We further used BUSCO (Simão et al. 2015) to evaluate the gene completeness of our C. crocodlius draft genome, querying against the sauropsida_odb10 database. This assessment yielded 7,224 out of 7,480 complete BUSCOs (for a completeness score of 96.5%), of which 7,176 were single-copy complete BUSCOs and 48 were duplicated BUSCOs.

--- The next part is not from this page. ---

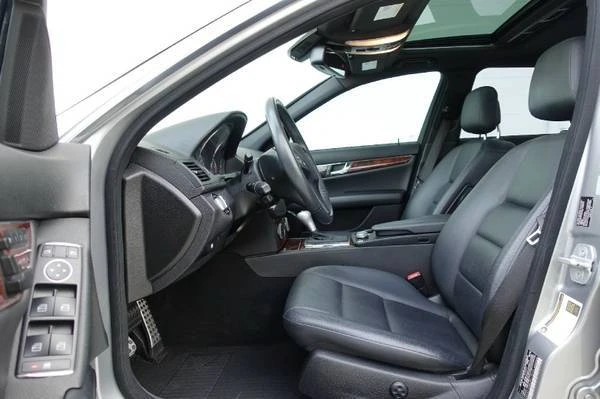 2011 Mercedes-Benz W204 C-Class - Image 4 of 6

A total of 297,374 gene features were predicted for the annotation. Using AGAT (Dianat 2020), we identified 18,836 functional transcripts, 20,020 mRNAs and 15,981 coding sequences with average lengths of 37,890bp, 39,524 bp and 1,063 bp, respectively. 115,941 exons (average length 562 bp) were identified, with an average of 7.3 exons per coding sequence, and 99,960 introns (average length 4,334 bp) were identified in the coding sequences. We further used HMMER (Eddy 2011) to determine the number of pFam protein families database hits for our annotation, finding 9,983 hits at the E=0.00001 sequence reporting threshold. The number of hits were comparable at the E=0.001 (10,255 hits) and E=0.0000001 (9,745 hits) levels. Finally, we conducted a reciprocal BLAST hit analysis against an annotation for the Saltwater crocodile Crocodylus porosus (GCF_001723895.1_CroPor_comp1), a non-alligatorid crocodilian for whom an annotation is presently available. Briefly, this Cr. porosus annotation contains 28,663 coding sequences with an average length of 1,527 bps and 19,538 genes and pseudogenes. Using proteinortho (Lechner et al. 2011), our reciprocal BLAST hit analysis found 7,894 orthologous groups across the annotations.

Here we have described the first draft assembly and annotation of the C. crocodilus genome. We feel these data can assist natural resource management, ecotoxicology, agriculture, as well as research into broader questions about the interplay between microevolutionary and macroevolutionary processes across broad biogeographic scales. In addition to potentially facilitating both basic and applied research into C. crocodilus biology, our C. crocodilus genome sequence expands the available crocodilian genome sequences to include the subfamily Caimaninae, the extant sister group to Alligator and a major crocodilian lineage hitherto unrepresented among assembled genome sequences. Our assembly can thus provide a useful resource not only for crocodilian genomics, but also for archosaur, reptile and amniote comparative genomics more broadly.

Data availability

The draft C. crocodilus genome assembly and sequence data have been deposited with the National Center for Biotechnology Information with accession numbers JAGPOW000000000.1 for the assembly, and SRR22317059 for the sequence read archives under Bioproject PRJNA716363. At present, the draft annotatation is in processing at the National Center for Biotechnology Information and is currently available for review at (doi.org/10.5281/zenodo.4755063).